■ THE PROBLEM ■
Extract the stretch of lines that starts at the line with "Men's Retro Knit Polo Shirt" and ends at the last line of the data below. Give it exactly, without pictures.

■ SUPPLIED MATERIAL ■

++++++++

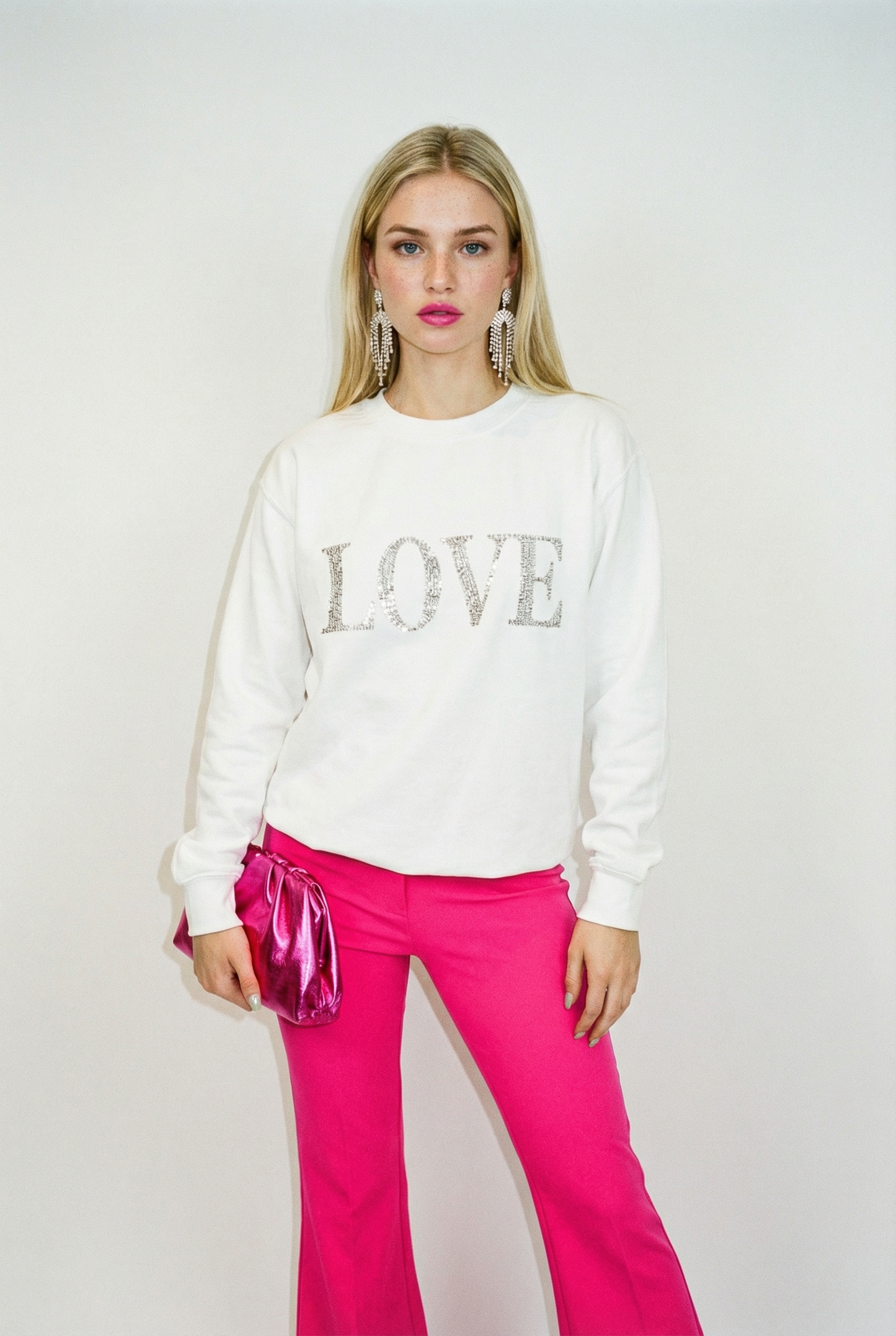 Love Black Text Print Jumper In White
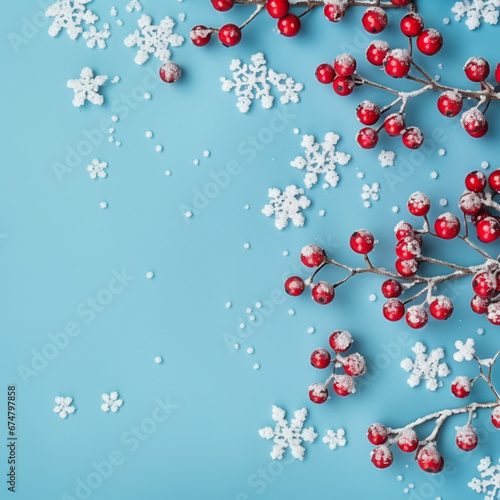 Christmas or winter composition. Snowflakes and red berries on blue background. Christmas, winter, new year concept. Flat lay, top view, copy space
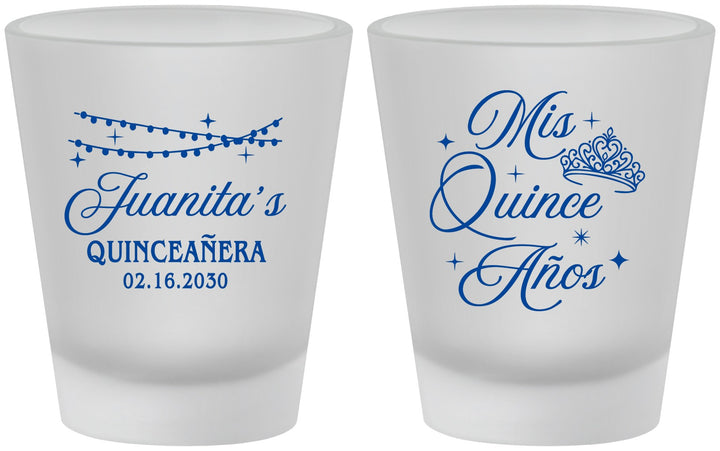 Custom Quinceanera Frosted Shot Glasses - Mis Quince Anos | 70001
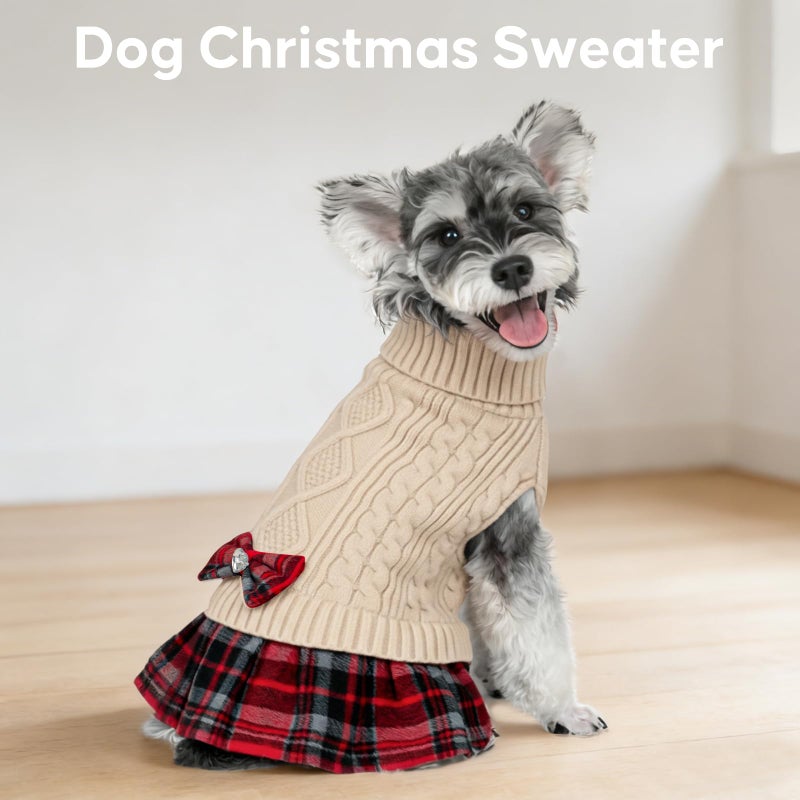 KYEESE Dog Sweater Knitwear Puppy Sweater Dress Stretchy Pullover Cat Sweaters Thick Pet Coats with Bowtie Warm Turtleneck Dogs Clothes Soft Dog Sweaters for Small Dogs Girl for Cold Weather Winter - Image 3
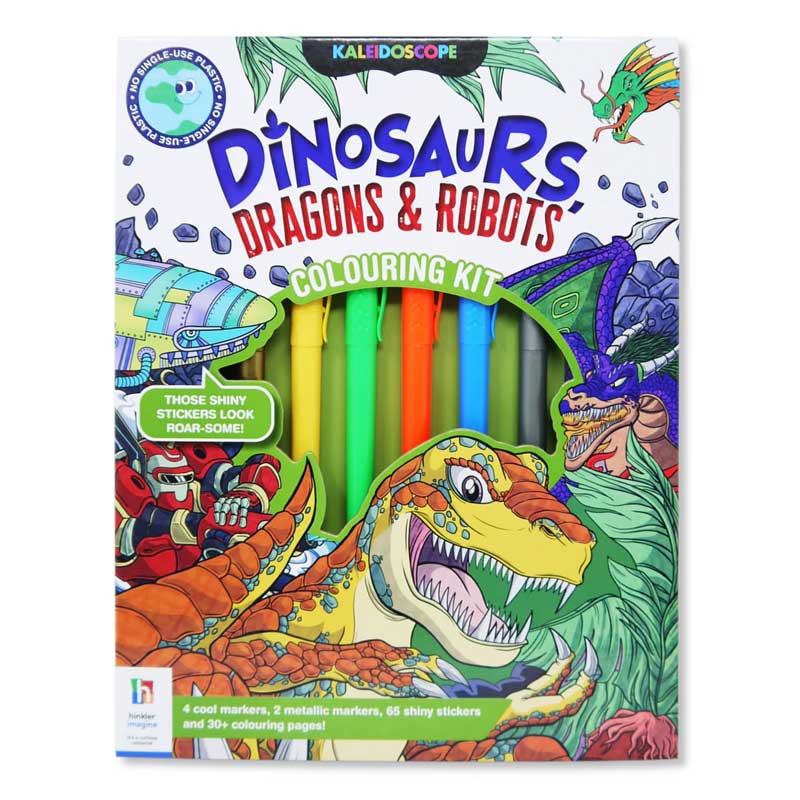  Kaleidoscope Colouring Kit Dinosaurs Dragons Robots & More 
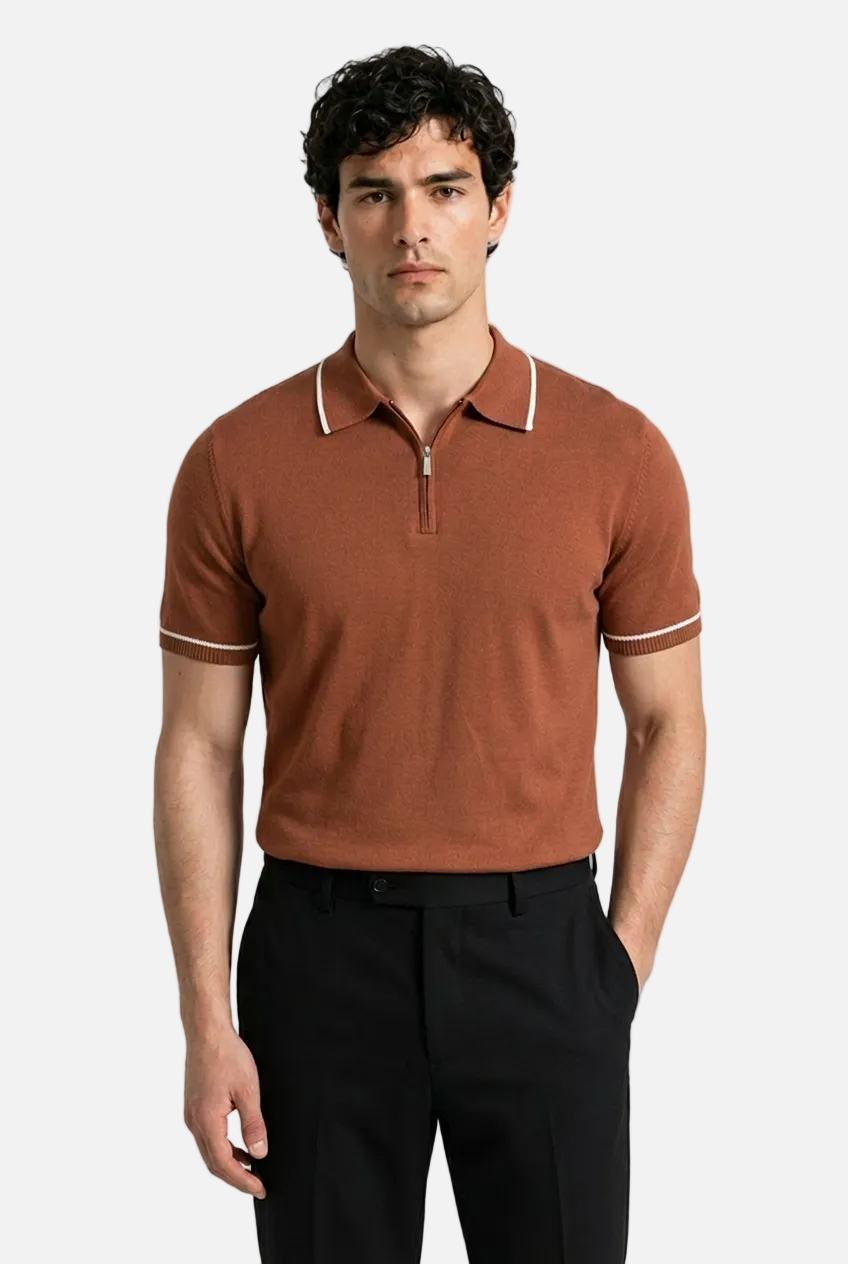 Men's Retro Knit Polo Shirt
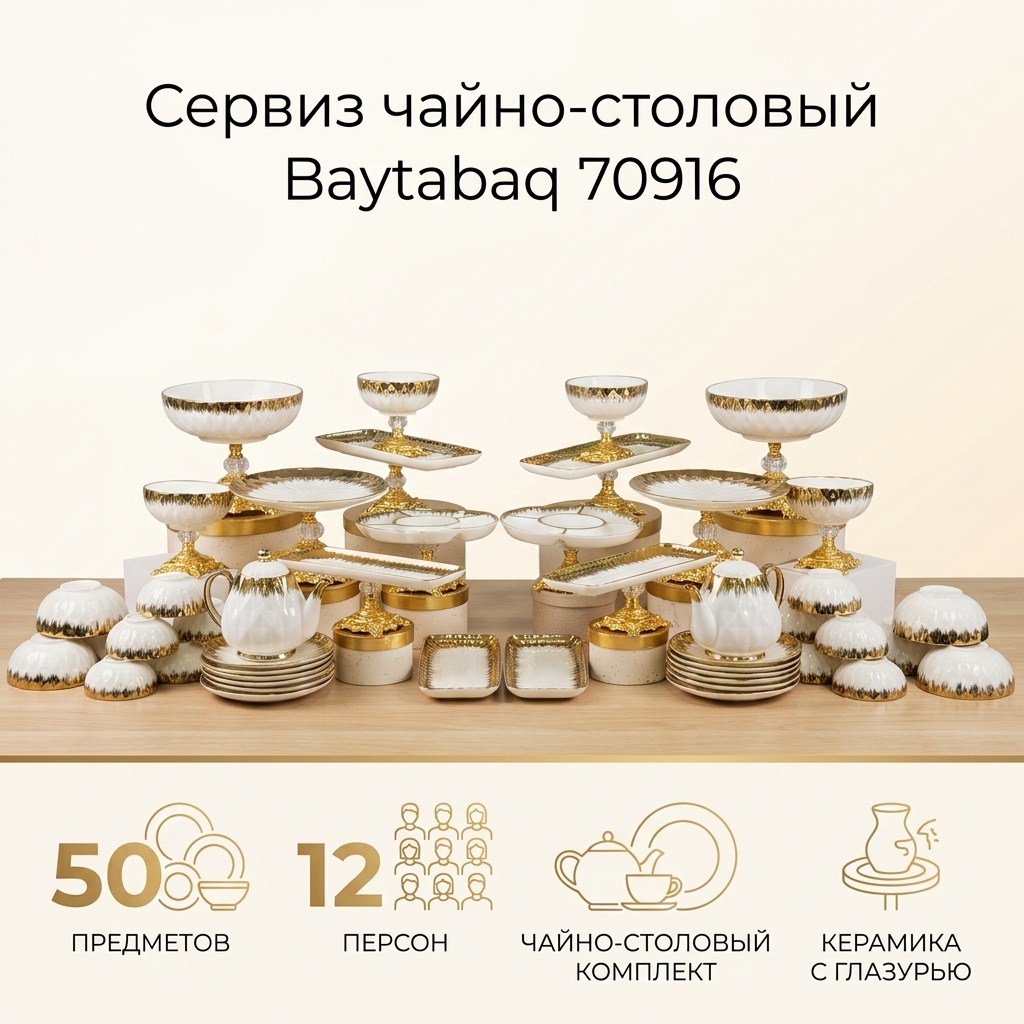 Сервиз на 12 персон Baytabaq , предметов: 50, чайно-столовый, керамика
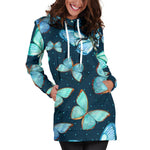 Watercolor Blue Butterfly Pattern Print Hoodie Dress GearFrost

++++++++

■ FINISHED TASK ■
 Men's Retro Knit Polo Shirt
 Сервиз на 12 персон Baytabaq , предметов: 50, чайно-столовый, керамика
 Watercolor Blue Butterfly Pattern Print Hoodie Dress GearFrost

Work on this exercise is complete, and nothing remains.